„Es gibt kein Gesetz, zu dem wir in den letzten Jahren so viele Gespräche mit Betroffenen geführt haben….“ Rede zur Volksinitiative zum Jagdgesetz in NRW

Norwich_26042013Sehr geehrter Herr Präsident! Liebe Kolleginnen und Kollegen! Heute ist erneut das Landesjagdgesetz Thema hier im Plenum. Die Volksinitiative hat das erreicht, und natürlich sind wir Grünen gern bereit, heute noch einmal über das Jagdgesetz zu diskutieren. Dazu waren wir von Anfang an bereit.
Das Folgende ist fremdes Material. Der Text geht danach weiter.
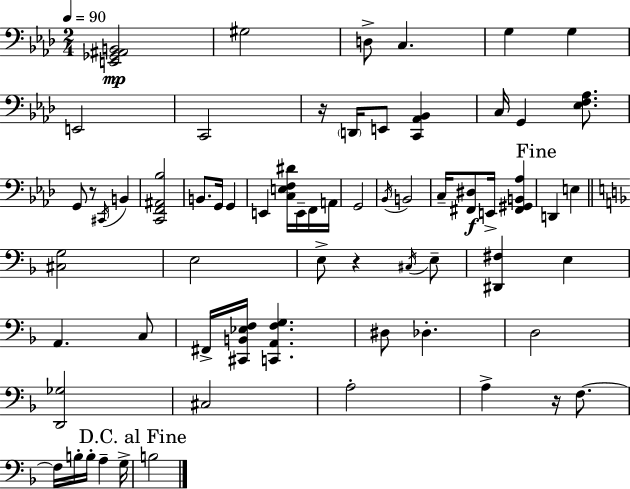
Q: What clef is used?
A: bass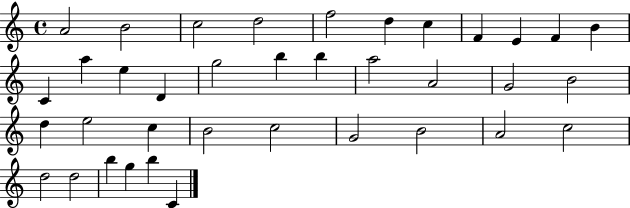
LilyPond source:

{
  \clef treble
  \time 4/4
  \defaultTimeSignature
  \key c \major
  a'2 b'2 | c''2 d''2 | f''2 d''4 c''4 | f'4 e'4 f'4 b'4 | \break c'4 a''4 e''4 d'4 | g''2 b''4 b''4 | a''2 a'2 | g'2 b'2 | \break d''4 e''2 c''4 | b'2 c''2 | g'2 b'2 | a'2 c''2 | \break d''2 d''2 | b''4 g''4 b''4 c'4 | \bar "|."
}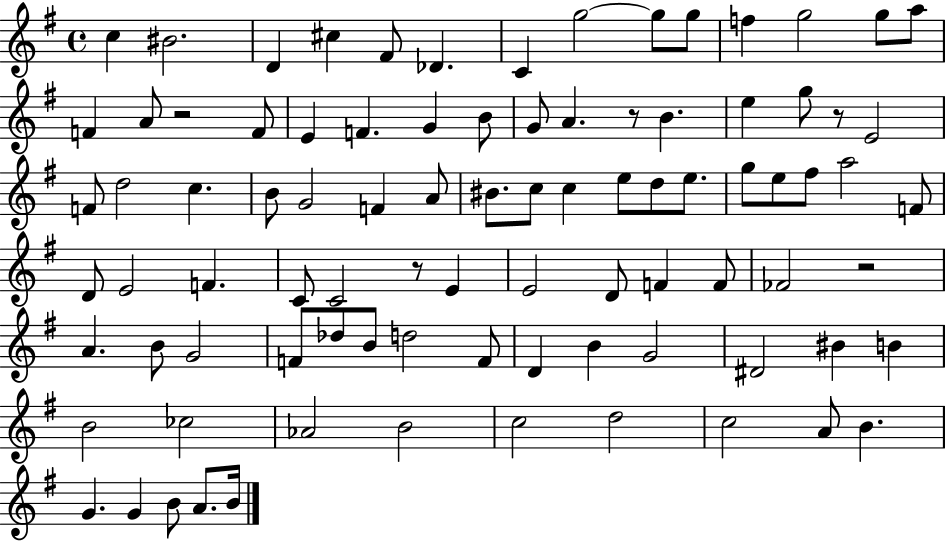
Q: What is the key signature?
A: G major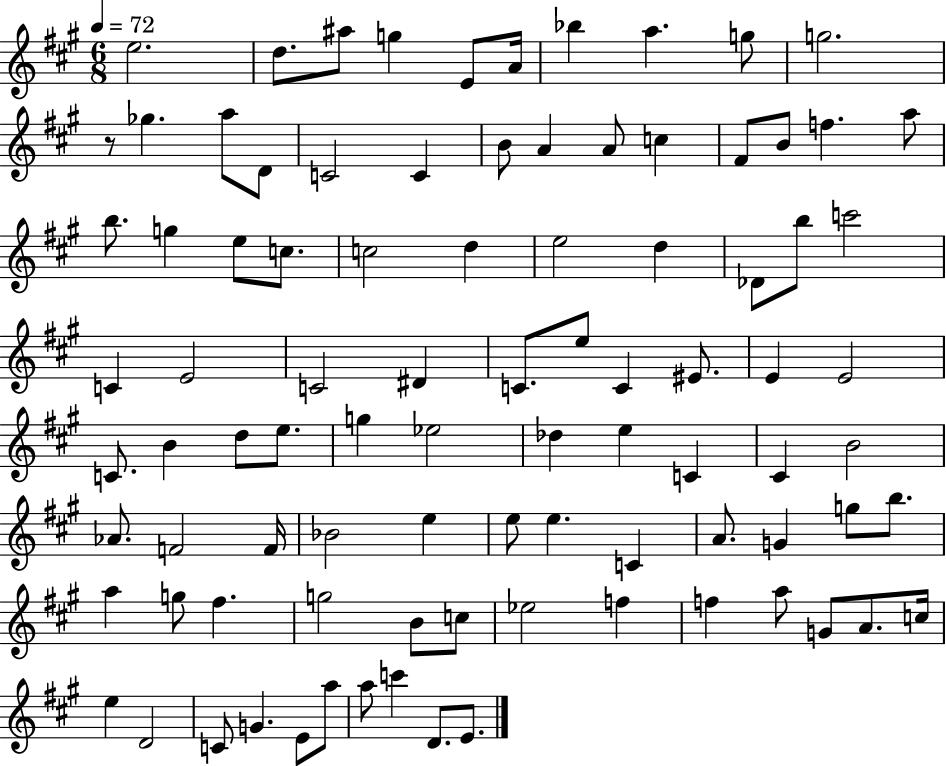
E5/h. D5/e. A#5/e G5/q E4/e A4/s Bb5/q A5/q. G5/e G5/h. R/e Gb5/q. A5/e D4/e C4/h C4/q B4/e A4/q A4/e C5/q F#4/e B4/e F5/q. A5/e B5/e. G5/q E5/e C5/e. C5/h D5/q E5/h D5/q Db4/e B5/e C6/h C4/q E4/h C4/h D#4/q C4/e. E5/e C4/q EIS4/e. E4/q E4/h C4/e. B4/q D5/e E5/e. G5/q Eb5/h Db5/q E5/q C4/q C#4/q B4/h Ab4/e. F4/h F4/s Bb4/h E5/q E5/e E5/q. C4/q A4/e. G4/q G5/e B5/e. A5/q G5/e F#5/q. G5/h B4/e C5/e Eb5/h F5/q F5/q A5/e G4/e A4/e. C5/s E5/q D4/h C4/e G4/q. E4/e A5/e A5/e C6/q D4/e. E4/e.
Wir haben mit allen Akteuren gesprochen, die dieses Landesjagdgesetz betrifft. Wir haben mit dem Landesjagdverband gesprochen, wir haben mit dem Verband der Eigenjagdbesitzer gesprochen, mit dem Grundbesitzerverband, mit den Berufsjägern, wir haben mit den Hundezüchtern gesprochen, wir haben wir mit den Bauernverbänden gesprochen, wir haben mit den Naturschützern gesprochen, wir haben auch mit dem Tierschutz gesprochen. Es gibt kein Gesetz, zu dem wir in den letzten Jahren so viele Gespräche mit Betroffenen geführt haben wie zu diesem Gesetz. Kein anderes Gesetz haben wir so lange beraten.

Wir haben auch von Anfang an dem Landesjagdverband ein gutes Angebot zur Zusammenarbeit gemacht. Eines dieser Angebote war der Arbeitskreis Jagd- und Naturschutz. Dort gab es – daran erinnere ich mich gut, weil man ja mitbekam, was da passierte – zunächst sehr wohl eine konstruktive Zusammenarbeit im gemeinsamen Interesse. Da wurden Probleme klar benannt, und es wurde auch gemeinsam nach Lösungen gesucht.

Aber weil das so war, weil sich der Vertreter, der zunächst in diesem Arbeitskreis des Landesjagdverbandes saß, so konstruktiv beteiligt hat, wurde er vom Landesjagdverband kurzerhand abgezogen und durch einen Hardliner ersetzt, weil man nämlich diesen konstruktiven Dialog eigentlich gar nicht wollte. Das ist ein kleines Beispiel dafür, dass der Landesjagdverband im Grunde von Anfang an kein wirkliches Interesse hatte, dieses Landesjagdgesetz konstruktiv mit uns zu diskutieren.

Das waren auch keine Einzelfälle. Ich erinnere nur an das Schreiben der Gothaer Versicherungen, worin sich solche Behauptungen fanden wie: wir wollten die Niederwildjagd komplett abschaffen. Das stand wortwörtlich darin. Das stand nie zur Debatte, das wusste auch jeder Akteur; aber schreiben kann man es ja mal, um die Leute auf die Bäume zu bringen. Ich könnte viele weitere Beispiele dafür nennen. Es gab eine ganze Kette von Beispielen, wo ich sagen würde: Das waren schon Entgleisungen. – Der absolute Höhepunkt an Entgleisung aus unserer Sicht war der Auftritt von Herrn Thies am 18. Januar dieses Jahres im Umweltausschuss. Herr Thies hat diesen Auftritt im Umweltausschuss nicht genutzt, um die Ziele der Initiative darzustellen, sondern dazu, um zu provozieren, und er hat ihn genutzt – das klang eben schon an –, um sich selbst zu profilieren.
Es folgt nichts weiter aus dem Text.